Search code examples
pythonnetworkx

Why am I failing to get the IP Address of one website url using networkx and requests?


I am trying to map website urls to their ip addresses and graph it using networkx. My code looks for all links on a webpage using BeautifulSoup and follows those links. I had trouble assigning attributes directly to the node, so I used networkx set_node_attributes with two lists containing the urls and the ip addresses.

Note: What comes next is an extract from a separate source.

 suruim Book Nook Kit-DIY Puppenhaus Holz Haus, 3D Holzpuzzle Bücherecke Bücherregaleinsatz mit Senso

However, one url constantly fails to get an ip address assigned.

My code:

# Gets the links to traverse as well as the IP Address and returns them.
def get_links(url):
    response = requests.get(url, stream=True)
    ip_address = response.raw._connection.sock.getsockname()
    soup = BeautifulSoup(response.text, 'lxml')
    return [urljoin(url, a['href']) for a in soup.find_all('a', href=True)], ip_address
# Traverses the urls and 
def bfs_traversal(start_url, num_layers, graph):
    visited = []
    visited_ip_addresses = []
    queue = deque([(start_url, 0)])

    attrs = {}
    while queue:
        url, layer = queue.popleft()
        if layer > num_layers:
            # add our attrs
            for url, ip_address in zip(visited, visited_ip_addresses):
                attrs[url] = ip_address

            # Need to set the node attributes manually see below
            nx.set_node_attributes(graph, values=attrs, name='ip_address')

            break

        if url not in visited:
            visited.append(url)
            connections, ip_address = get_links(url)
            visited_ip_addresses.append(ip_address)

            # No longer seems to work hence the above code
            graph.add_node(url, ip_address=ip_address)
            # throws error graph.add_node(url, {'ip_address':ip_address})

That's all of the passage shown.